YOUR TASK:
Reproduce exactly, with no pictures, each line from the opening of the material down through the line containing "Modular U-Shape Sectional".

☆ ☆ ☆ ☆ ☆ ☆ ☆

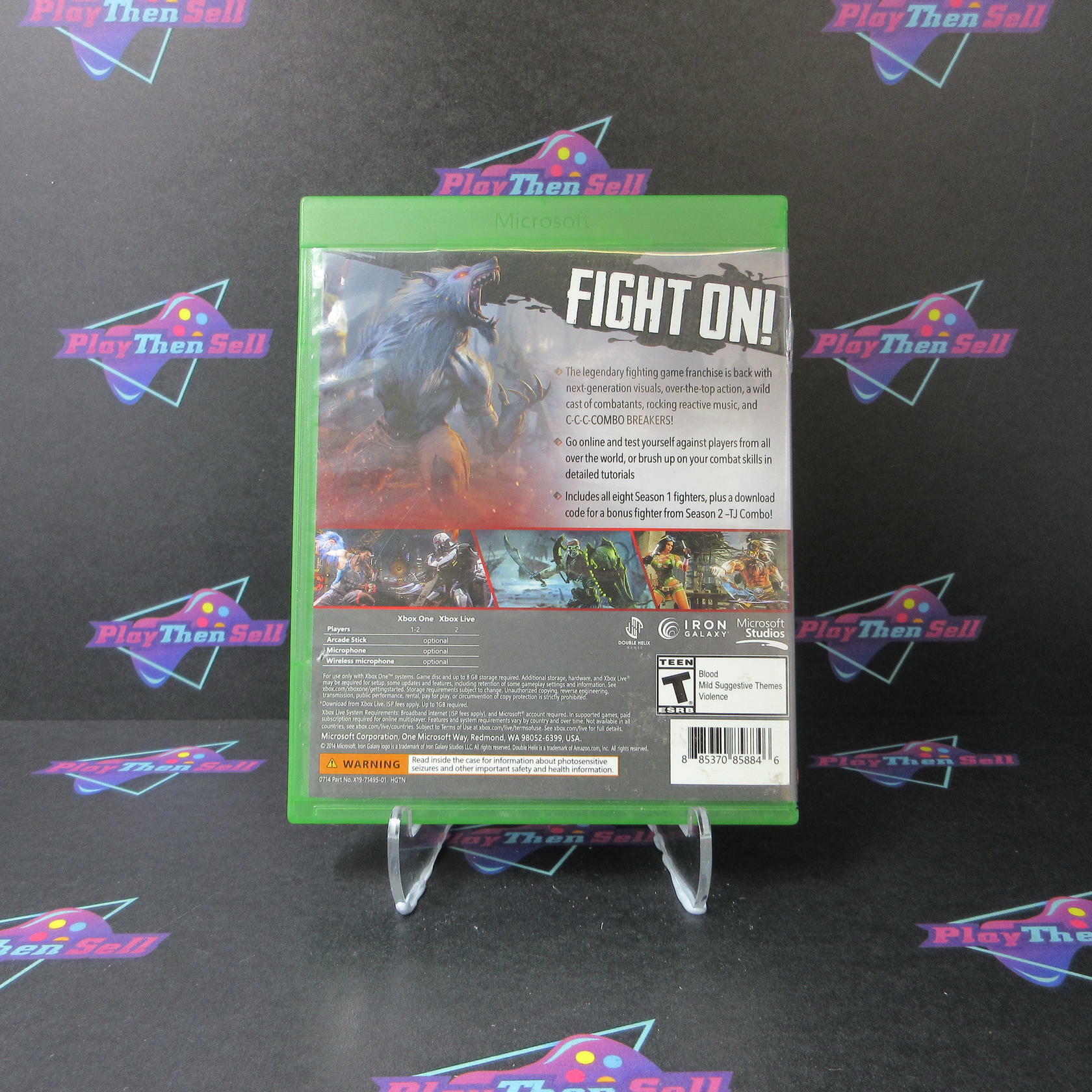Killer Instinct Combo Breaker Pack Xbox One AD Complete CIB - Very Good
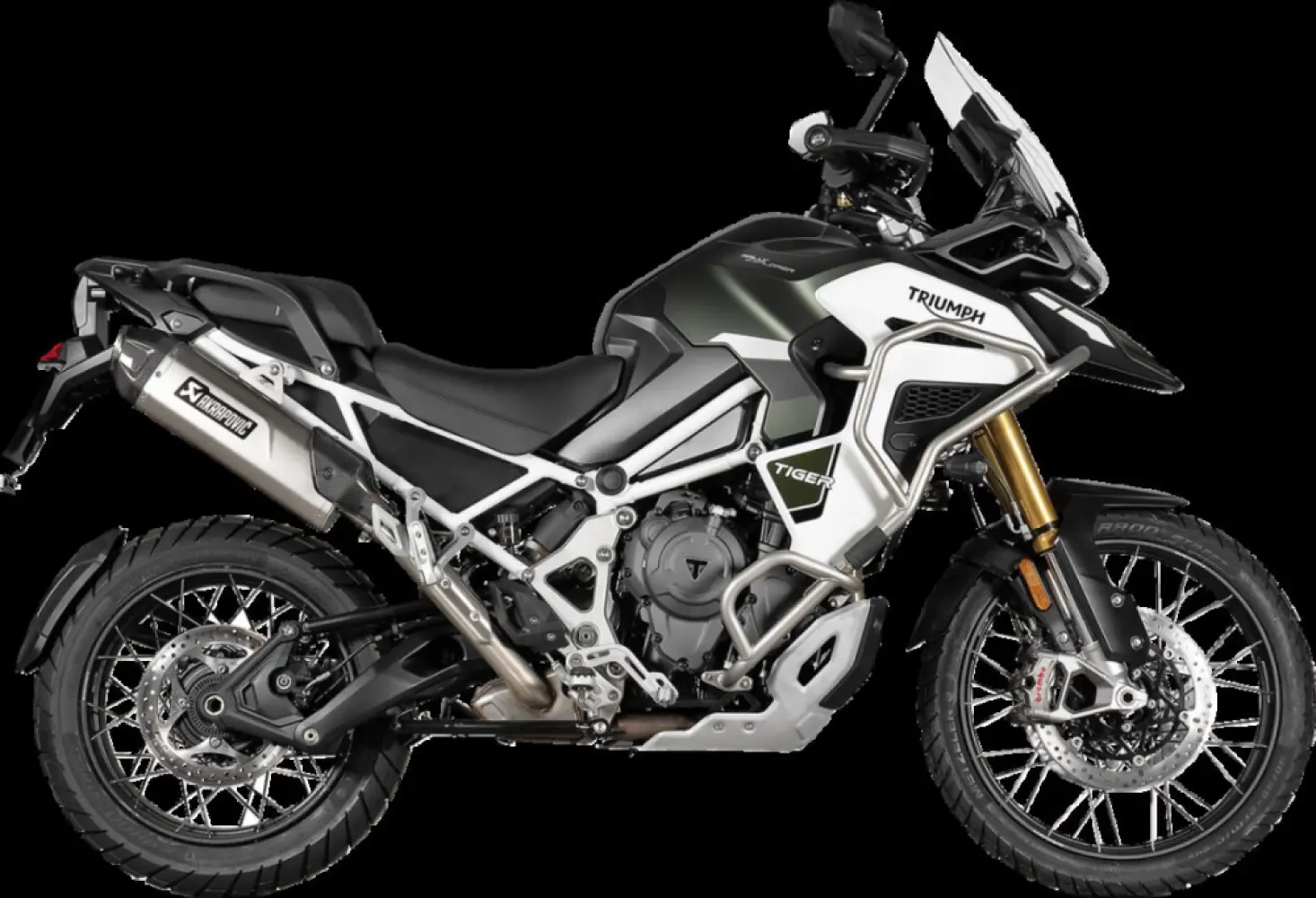 AKRAPOVIC - MUFFLER TI TIGER 1200 - 18114439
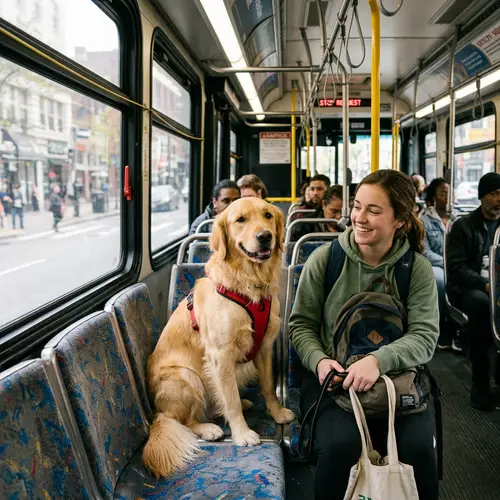 Dog on Bus - Cute Canine Travelling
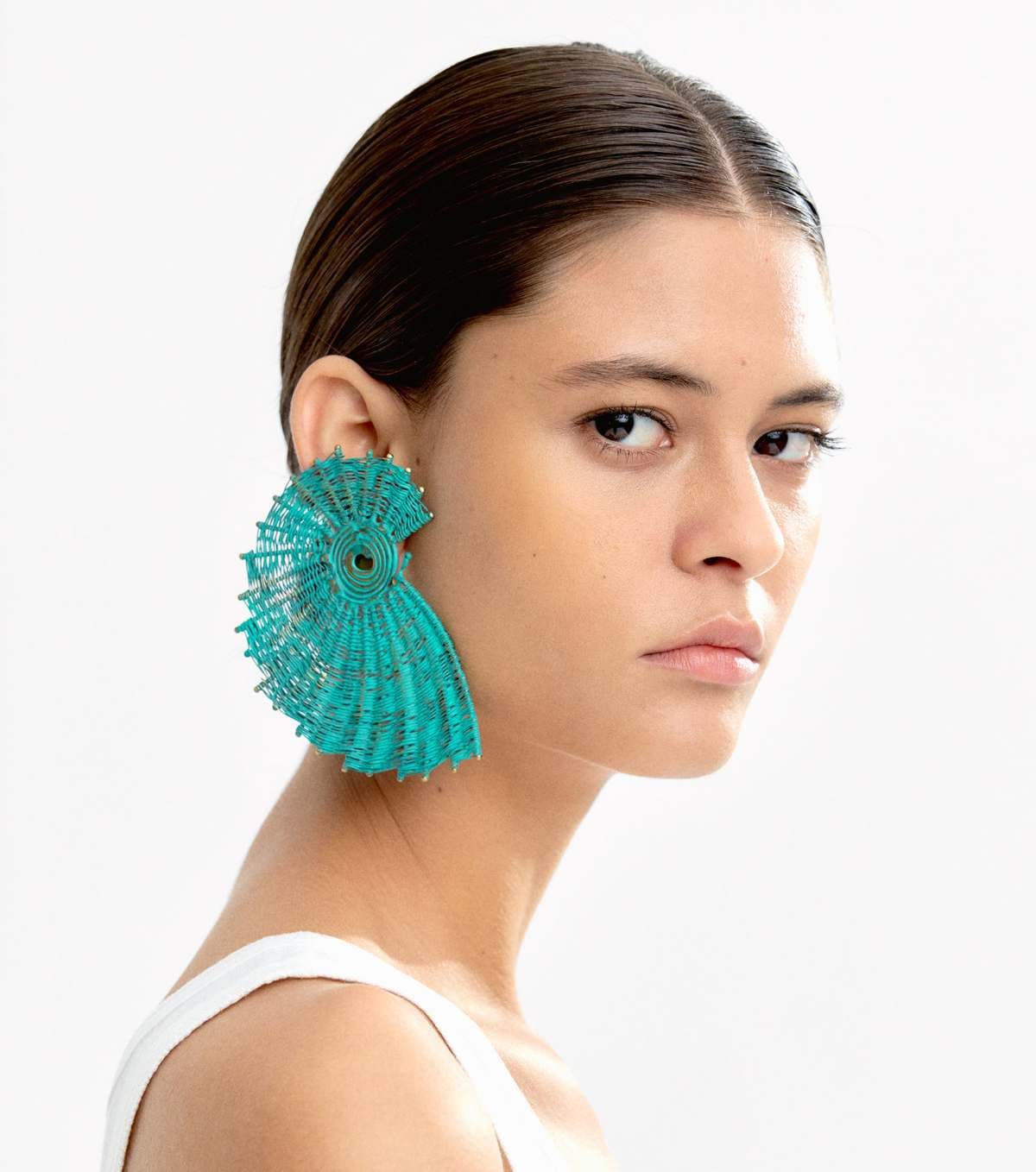 Pendientes concha espiral de Parfois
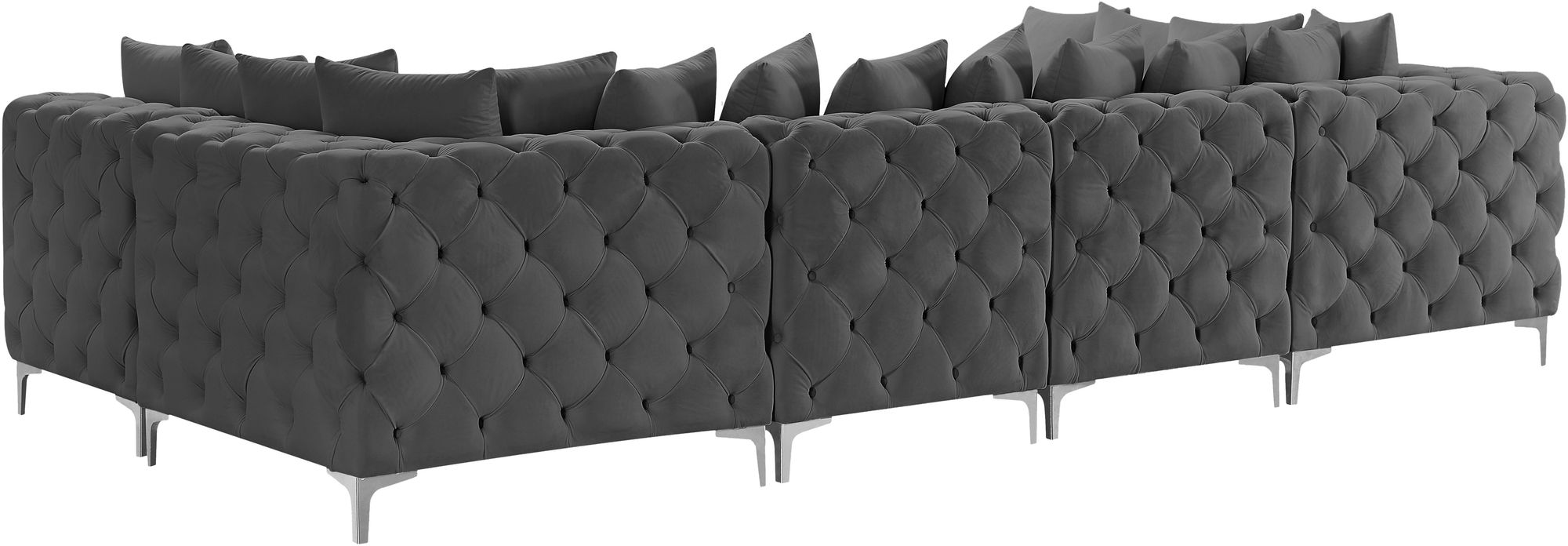 Tremblay 138" 6-Piece Velvet Modular U-Shape Sectional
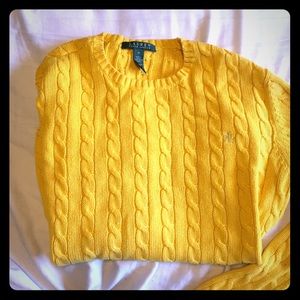 Ralph Lauren- perfect yellow spring sweater.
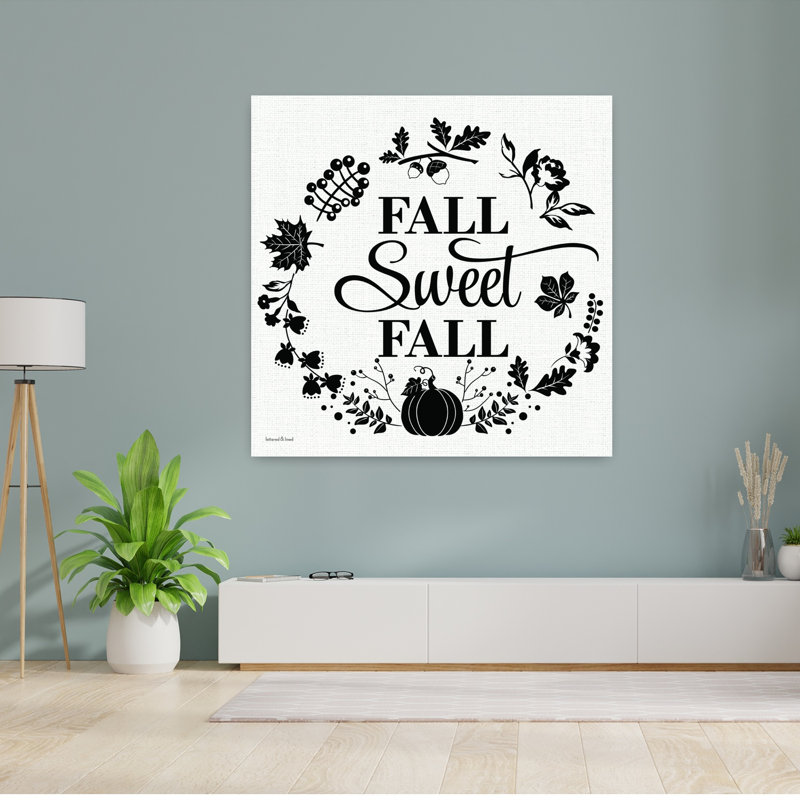 Fall Sweet Fall by Lettered & Lined - Wrapped Canvas Print, 121.92 cm H x 121.92 cm W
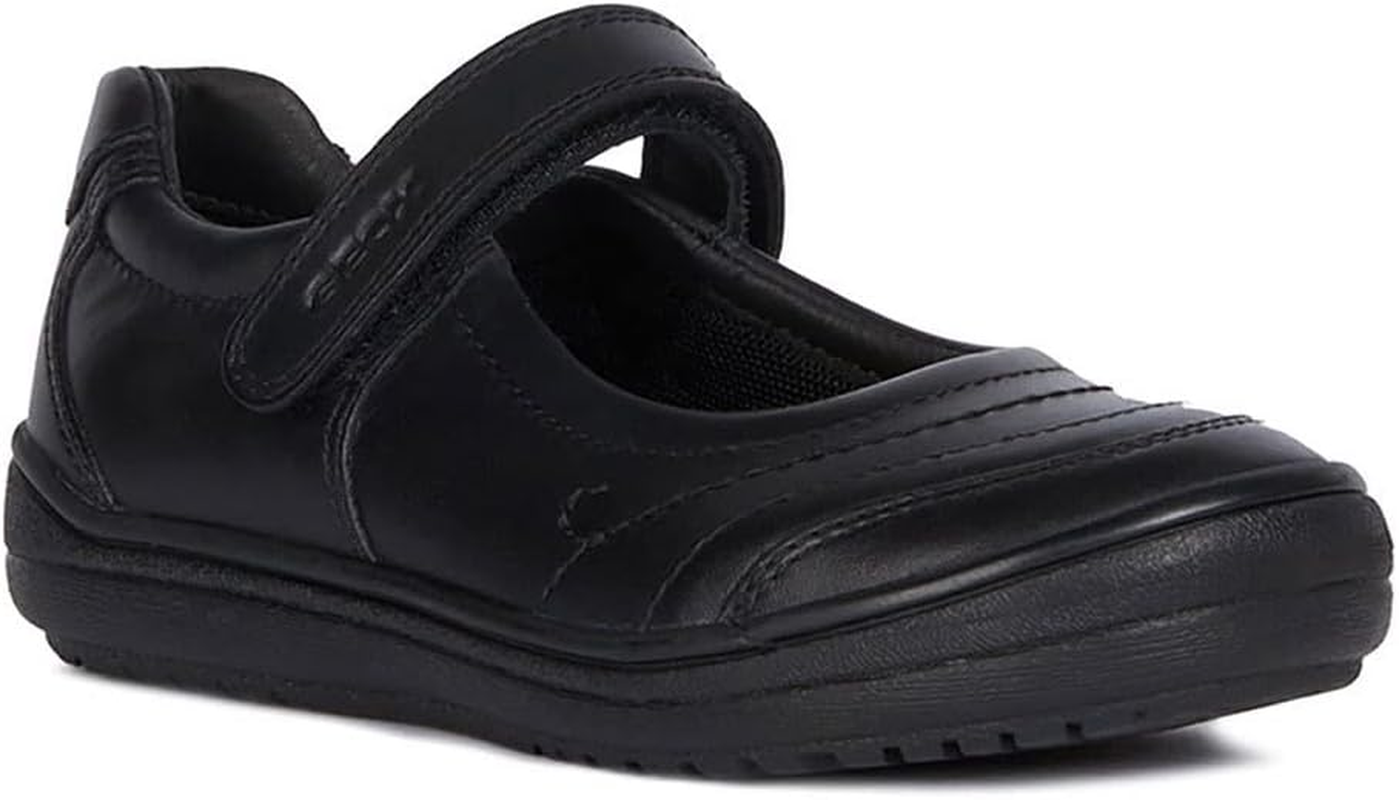 GEOX Girls&rsquo; J HADRIEL Ankle Strap Ballet Flats, Black (Black C9999) image number 4
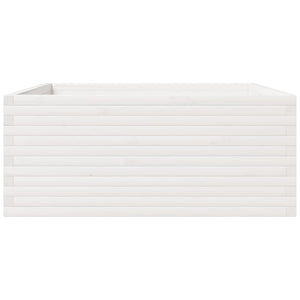 Odlingslåda vit 110x110x49,5 cm massiv furu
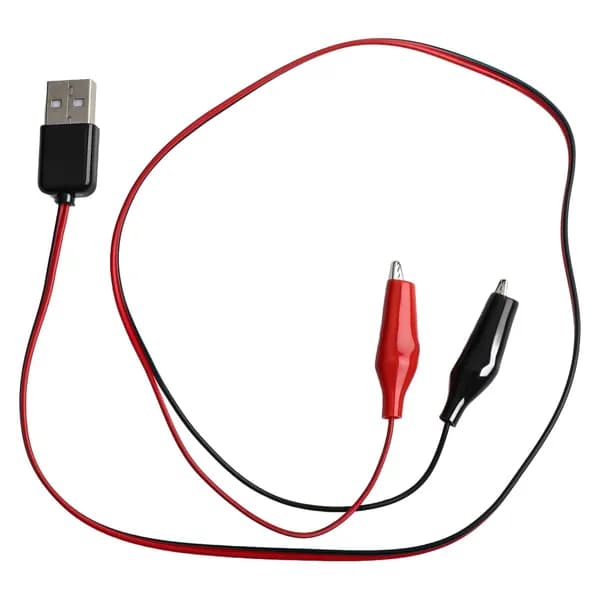 для тестового зажима Alligator, адаптера соединителя USB "папа-мама", шнура питания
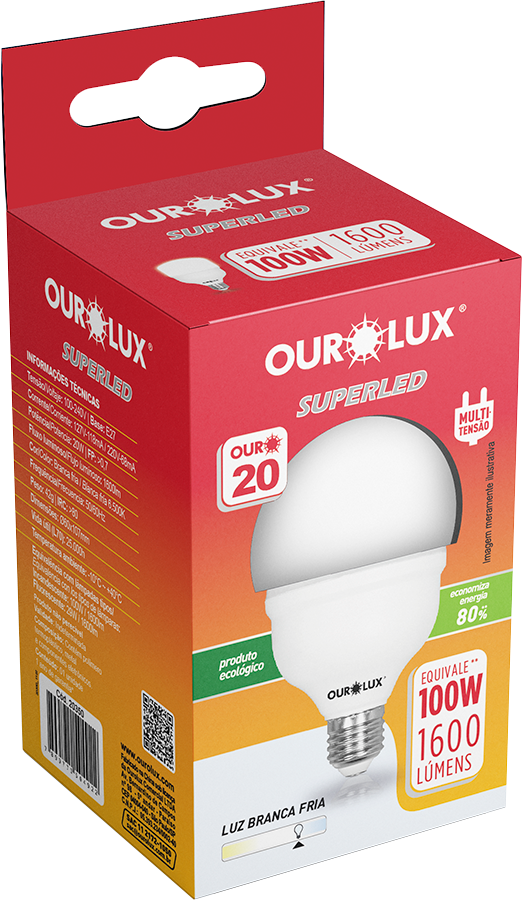 Lampada Ourolux Led 20w Bivolt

☆ ☆ ☆ ☆ ☆ ☆ ☆

RESULT:
Killer Instinct Combo Breaker Pack Xbox One AD Complete CIB - Very Good
 AKRAPOVIC - MUFFLER TI TIGER 1200 - 18114439
 Dog on Bus - Cute Canine Travelling
 Pendientes concha espiral de Parfois
 Tremblay 138" 6-Piece Velvet Modular U-Shape Sectional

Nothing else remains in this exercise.